▸ **RECORD EXCERPTS**
# # #

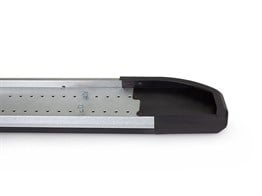 Omsa Line Bmw X1 E84 2009-2015 Nevada Krom Alınlı Yan Basamak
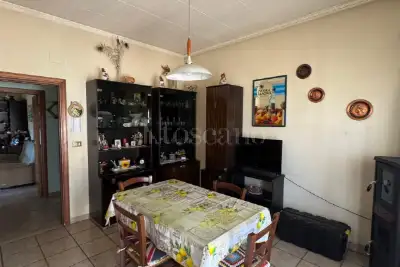 Casa in vendita, Via Argentina, Avezzano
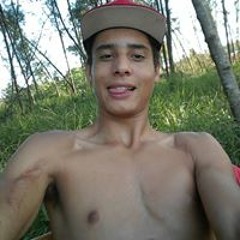 Gabriel Petry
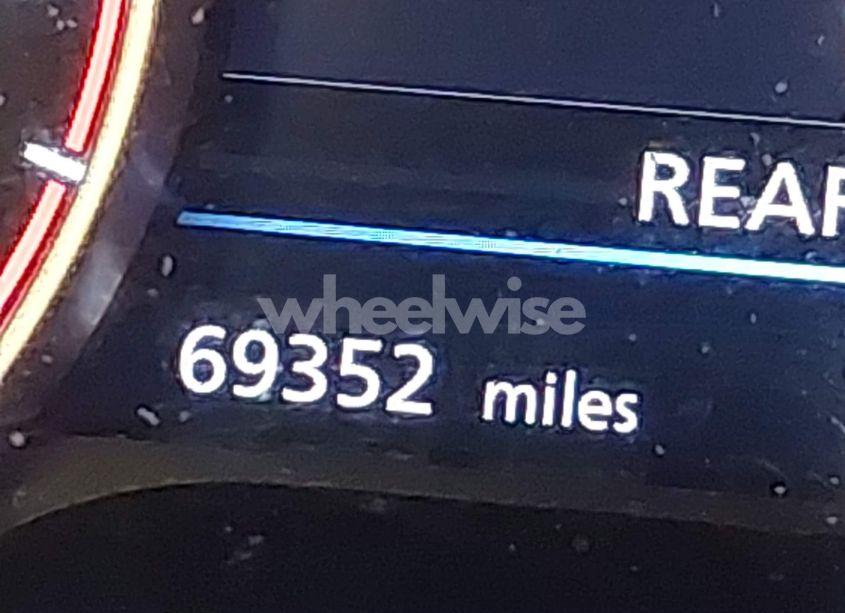 Photo 15 of 2020 Nissan Sentra SV XTRONIC CVT (VIN 3N1AB8CV7LY228367)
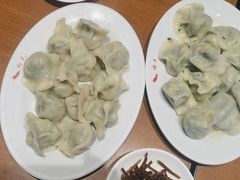 -鸿毛饺子(紫竹桥店)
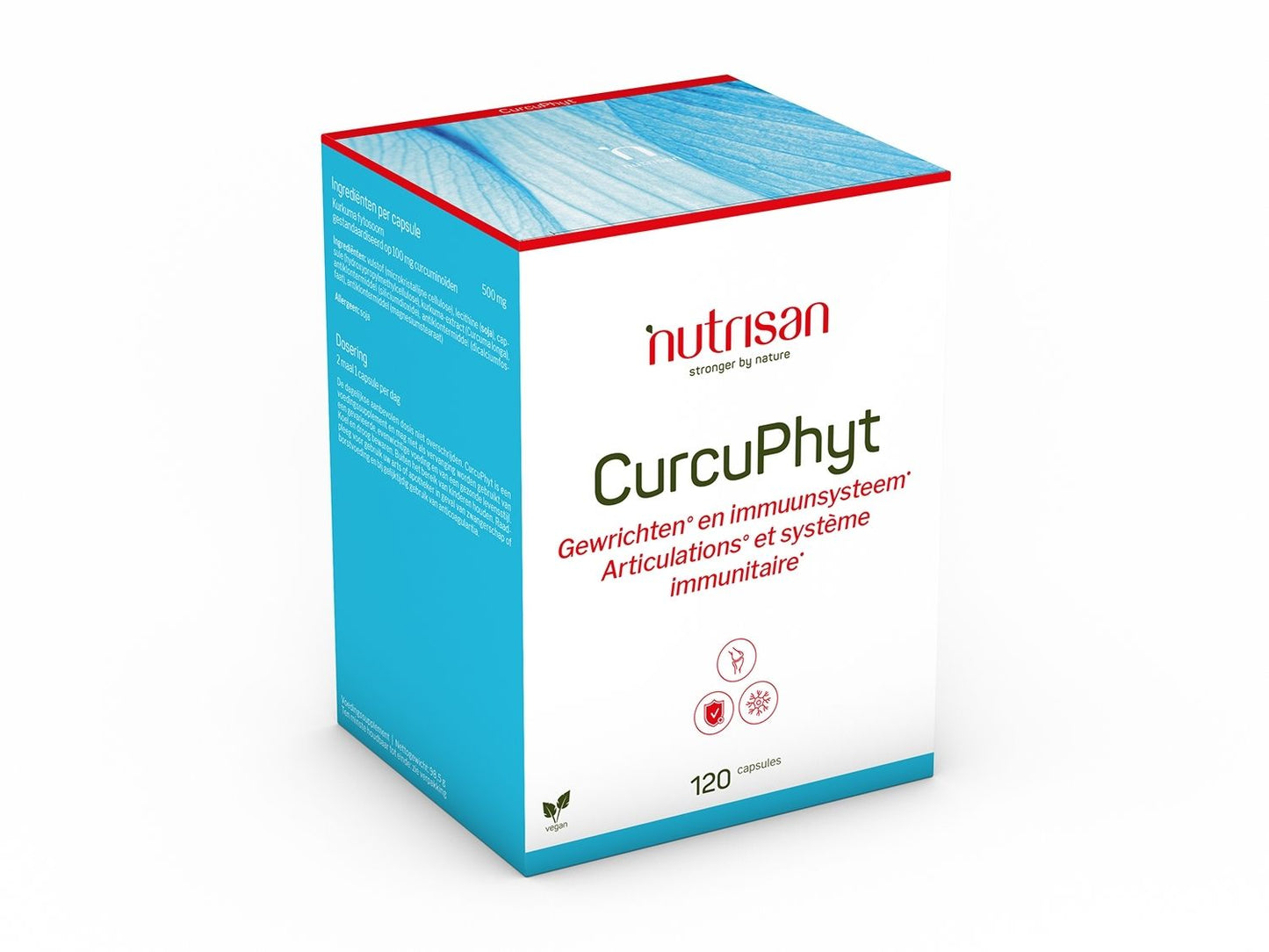 CurcuPhyt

# # #

▸ **TASK INSTRUCTIONS**
Return the full listing above verbatim, please, but without its images.

▸ **EXPECTED ANSWER**
 Omsa Line Bmw X1 E84 2009-2015 Nevada Krom Alınlı Yan Basamak
 Casa in vendita, Via Argentina, Avezzano
 Gabriel Petry
 Photo 15 of 2020 Nissan Sentra SV XTRONIC CVT (VIN 3N1AB8CV7LY228367)
 -鸿毛饺子(紫竹桥店)
 CurcuPhyt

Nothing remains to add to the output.